* WORK ITEM *
Give back exactly the lines of the material below that start at the line containing "telewizor z płaskim" and end at the line containing "A balcony with", and no others.

* PROVIDED DATA *
# # # # #
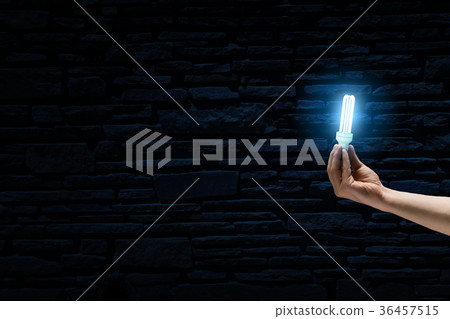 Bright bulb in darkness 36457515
# # # # #
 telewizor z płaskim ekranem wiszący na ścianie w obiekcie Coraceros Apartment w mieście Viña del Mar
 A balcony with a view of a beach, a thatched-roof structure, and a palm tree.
# # # # #
* WRITTEN REPLY *
 telewizor z płaskim ekranem wiszący na ścianie w obiekcie Coraceros Apartment w mieście Viña del Mar
 A balcony with a view of a beach, a thatched-roof structure, and a palm tree.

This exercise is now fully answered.